▶ _Exercise instructions_
From the entries below, copy exactly the lines from the one that contains "Aerial DRONE Arm" through the one that contains "ショルダーバッグ ハンドバッグ 斜め掛けバッグ 小銭入れ レディース 新品 白色", both included, and only those.

[Exercise materials]

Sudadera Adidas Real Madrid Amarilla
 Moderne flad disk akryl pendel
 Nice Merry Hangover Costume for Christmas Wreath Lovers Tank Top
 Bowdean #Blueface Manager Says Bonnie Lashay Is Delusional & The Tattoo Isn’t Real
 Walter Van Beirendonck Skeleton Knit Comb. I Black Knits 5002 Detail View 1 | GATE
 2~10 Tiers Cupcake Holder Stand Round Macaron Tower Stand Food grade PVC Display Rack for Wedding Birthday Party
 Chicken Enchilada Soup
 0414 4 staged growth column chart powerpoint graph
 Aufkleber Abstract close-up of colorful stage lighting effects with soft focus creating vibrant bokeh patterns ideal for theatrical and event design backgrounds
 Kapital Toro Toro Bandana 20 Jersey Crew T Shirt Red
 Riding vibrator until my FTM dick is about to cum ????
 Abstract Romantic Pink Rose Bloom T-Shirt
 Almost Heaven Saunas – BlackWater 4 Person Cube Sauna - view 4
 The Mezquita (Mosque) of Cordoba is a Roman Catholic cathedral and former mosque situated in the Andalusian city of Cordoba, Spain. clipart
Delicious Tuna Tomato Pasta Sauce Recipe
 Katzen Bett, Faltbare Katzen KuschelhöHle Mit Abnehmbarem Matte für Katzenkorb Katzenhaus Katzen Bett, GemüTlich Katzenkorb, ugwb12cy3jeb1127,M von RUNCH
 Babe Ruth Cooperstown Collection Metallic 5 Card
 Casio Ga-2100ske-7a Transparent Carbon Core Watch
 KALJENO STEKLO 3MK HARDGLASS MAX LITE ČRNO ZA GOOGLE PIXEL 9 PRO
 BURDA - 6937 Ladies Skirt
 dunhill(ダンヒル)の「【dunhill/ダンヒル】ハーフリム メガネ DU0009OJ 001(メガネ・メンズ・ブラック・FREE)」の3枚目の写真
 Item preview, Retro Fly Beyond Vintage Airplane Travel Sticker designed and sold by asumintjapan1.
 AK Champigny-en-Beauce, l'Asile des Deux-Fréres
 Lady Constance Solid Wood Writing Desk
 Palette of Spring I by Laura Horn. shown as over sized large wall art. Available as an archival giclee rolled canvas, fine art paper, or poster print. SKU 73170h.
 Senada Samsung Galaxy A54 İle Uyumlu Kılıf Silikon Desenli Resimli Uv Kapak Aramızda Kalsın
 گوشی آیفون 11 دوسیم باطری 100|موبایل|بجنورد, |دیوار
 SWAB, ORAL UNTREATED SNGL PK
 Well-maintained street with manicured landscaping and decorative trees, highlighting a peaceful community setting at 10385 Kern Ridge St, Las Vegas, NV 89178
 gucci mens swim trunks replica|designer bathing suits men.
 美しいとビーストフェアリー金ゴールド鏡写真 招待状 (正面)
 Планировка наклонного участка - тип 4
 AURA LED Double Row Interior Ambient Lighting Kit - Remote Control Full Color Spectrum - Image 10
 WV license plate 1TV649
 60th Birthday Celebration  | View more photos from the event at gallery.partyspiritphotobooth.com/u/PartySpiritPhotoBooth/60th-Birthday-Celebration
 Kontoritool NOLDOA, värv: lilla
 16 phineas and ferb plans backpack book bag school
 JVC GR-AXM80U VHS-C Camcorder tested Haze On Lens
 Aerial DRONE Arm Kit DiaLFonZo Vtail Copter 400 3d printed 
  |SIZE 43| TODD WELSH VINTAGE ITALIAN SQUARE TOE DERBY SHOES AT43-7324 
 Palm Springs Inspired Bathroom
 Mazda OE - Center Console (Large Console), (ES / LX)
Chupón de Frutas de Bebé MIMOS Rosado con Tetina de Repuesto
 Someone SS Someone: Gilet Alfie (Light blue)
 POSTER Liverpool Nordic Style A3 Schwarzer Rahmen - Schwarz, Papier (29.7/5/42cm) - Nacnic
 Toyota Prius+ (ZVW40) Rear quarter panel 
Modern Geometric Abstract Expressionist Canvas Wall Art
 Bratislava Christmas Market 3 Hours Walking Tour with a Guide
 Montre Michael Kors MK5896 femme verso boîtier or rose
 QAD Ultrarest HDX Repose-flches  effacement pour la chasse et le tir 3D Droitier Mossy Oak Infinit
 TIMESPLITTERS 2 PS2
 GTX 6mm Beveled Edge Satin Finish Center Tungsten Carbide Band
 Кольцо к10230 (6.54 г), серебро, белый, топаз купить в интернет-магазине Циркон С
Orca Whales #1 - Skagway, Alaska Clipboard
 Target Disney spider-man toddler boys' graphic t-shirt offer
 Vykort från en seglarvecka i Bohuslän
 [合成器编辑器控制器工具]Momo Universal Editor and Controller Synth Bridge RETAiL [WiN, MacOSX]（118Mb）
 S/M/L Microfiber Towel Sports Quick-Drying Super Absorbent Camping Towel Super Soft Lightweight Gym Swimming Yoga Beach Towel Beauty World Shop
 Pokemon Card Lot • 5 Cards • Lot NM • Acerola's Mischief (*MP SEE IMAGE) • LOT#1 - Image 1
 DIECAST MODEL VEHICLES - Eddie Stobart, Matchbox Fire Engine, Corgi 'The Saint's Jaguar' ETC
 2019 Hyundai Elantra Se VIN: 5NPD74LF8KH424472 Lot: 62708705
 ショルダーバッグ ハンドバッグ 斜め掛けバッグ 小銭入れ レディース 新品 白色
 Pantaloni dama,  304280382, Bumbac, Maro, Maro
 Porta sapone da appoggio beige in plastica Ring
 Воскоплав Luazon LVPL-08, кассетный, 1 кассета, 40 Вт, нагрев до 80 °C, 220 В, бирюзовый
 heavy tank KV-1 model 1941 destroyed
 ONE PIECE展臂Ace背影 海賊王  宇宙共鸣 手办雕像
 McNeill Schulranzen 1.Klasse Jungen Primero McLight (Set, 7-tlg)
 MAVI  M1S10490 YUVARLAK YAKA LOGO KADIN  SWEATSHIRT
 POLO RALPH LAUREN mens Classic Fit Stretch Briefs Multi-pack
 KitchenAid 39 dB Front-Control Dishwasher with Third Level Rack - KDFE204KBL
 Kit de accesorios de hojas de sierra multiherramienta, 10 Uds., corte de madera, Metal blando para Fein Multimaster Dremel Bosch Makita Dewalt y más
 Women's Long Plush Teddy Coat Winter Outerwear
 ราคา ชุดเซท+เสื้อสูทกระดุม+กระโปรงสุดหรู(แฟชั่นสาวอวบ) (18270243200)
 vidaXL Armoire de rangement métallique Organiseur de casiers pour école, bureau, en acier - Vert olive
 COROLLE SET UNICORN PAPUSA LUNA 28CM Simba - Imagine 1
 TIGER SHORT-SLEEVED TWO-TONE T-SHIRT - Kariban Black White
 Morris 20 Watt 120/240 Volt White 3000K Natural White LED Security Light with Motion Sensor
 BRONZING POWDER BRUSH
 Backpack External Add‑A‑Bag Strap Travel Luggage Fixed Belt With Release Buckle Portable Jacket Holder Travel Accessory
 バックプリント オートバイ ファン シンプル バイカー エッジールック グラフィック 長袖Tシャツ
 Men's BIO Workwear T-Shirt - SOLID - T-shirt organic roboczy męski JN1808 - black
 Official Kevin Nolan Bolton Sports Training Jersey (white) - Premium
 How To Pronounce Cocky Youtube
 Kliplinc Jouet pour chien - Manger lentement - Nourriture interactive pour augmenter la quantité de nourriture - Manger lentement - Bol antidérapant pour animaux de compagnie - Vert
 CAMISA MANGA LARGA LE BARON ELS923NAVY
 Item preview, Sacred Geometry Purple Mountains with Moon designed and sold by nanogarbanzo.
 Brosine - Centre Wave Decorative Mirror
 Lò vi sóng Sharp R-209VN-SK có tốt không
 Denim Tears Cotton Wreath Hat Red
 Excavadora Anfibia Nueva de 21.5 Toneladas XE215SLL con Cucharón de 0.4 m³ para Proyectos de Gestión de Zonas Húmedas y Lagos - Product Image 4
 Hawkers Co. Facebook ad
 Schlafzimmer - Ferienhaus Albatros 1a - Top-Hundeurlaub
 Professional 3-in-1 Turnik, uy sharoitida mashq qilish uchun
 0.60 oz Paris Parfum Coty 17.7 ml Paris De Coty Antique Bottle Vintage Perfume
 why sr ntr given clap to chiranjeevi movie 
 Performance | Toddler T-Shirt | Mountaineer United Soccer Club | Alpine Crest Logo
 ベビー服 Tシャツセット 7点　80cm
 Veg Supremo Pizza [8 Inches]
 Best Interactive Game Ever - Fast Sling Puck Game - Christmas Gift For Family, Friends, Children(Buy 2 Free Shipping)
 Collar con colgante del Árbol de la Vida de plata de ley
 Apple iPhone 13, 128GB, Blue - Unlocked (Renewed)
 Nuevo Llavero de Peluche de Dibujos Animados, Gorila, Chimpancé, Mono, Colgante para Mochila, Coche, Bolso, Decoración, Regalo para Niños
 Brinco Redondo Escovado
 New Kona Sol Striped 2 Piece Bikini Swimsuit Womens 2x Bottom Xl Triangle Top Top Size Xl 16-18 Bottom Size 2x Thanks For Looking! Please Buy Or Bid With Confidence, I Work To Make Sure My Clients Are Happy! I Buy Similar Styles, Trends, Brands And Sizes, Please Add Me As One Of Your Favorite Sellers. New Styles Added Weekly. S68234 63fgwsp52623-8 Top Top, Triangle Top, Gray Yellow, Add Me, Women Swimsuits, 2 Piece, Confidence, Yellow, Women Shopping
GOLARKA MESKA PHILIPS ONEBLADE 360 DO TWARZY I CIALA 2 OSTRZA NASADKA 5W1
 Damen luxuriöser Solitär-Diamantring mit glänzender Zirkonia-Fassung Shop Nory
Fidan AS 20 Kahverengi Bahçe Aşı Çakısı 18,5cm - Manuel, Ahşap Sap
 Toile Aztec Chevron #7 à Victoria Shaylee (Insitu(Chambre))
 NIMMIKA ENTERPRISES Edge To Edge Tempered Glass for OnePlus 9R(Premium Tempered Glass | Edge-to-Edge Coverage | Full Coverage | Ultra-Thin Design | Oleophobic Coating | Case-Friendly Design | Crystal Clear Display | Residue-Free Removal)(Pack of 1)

[/Exercise materials]

▶ _Task answer_
 Aerial DRONE Arm Kit DiaLFonZo Vtail Copter 400 3d printed 
  |SIZE 43| TODD WELSH VINTAGE ITALIAN SQUARE TOE DERBY SHOES AT43-7324 
 Palm Springs Inspired Bathroom
 Mazda OE - Center Console (Large Console), (ES / LX)
Chupón de Frutas de Bebé MIMOS Rosado con Tetina de Repuesto
 Someone SS Someone: Gilet Alfie (Light blue)
 POSTER Liverpool Nordic Style A3 Schwarzer Rahmen - Schwarz, Papier (29.7/5/42cm) - Nacnic
 Toyota Prius+ (ZVW40) Rear quarter panel 
Modern Geometric Abstract Expressionist Canvas Wall Art
 Bratislava Christmas Market 3 Hours Walking Tour with a Guide
 Montre Michael Kors MK5896 femme verso boîtier or rose
 QAD Ultrarest HDX Repose-flches  effacement pour la chasse et le tir 3D Droitier Mossy Oak Infinit
 TIMESPLITTERS 2 PS2
 GTX 6mm Beveled Edge Satin Finish Center Tungsten Carbide Band
 Кольцо к10230 (6.54 г), серебро, белый, топаз купить в интернет-магазине Циркон С
Orca Whales #1 - Skagway, Alaska Clipboard
 Target Disney spider-man toddler boys' graphic t-shirt offer
 Vykort från en seglarvecka i Bohuslän
 [合成器编辑器控制器工具]Momo Universal Editor and Controller Synth Bridge RETAiL [WiN, MacOSX]（118Mb）
 S/M/L Microfiber Towel Sports Quick-Drying Super Absorbent Camping Towel Super Soft Lightweight Gym Swimming Yoga Beach Towel Beauty World Shop
 Pokemon Card Lot • 5 Cards • Lot NM • Acerola's Mischief (*MP SEE IMAGE) • LOT#1 - Image 1
 DIECAST MODEL VEHICLES - Eddie Stobart, Matchbox Fire Engine, Corgi 'The Saint's Jaguar' ETC
 2019 Hyundai Elantra Se VIN: 5NPD74LF8KH424472 Lot: 62708705
 ショルダーバッグ ハンドバッグ 斜め掛けバッグ 小銭入れ レディース 新品 白色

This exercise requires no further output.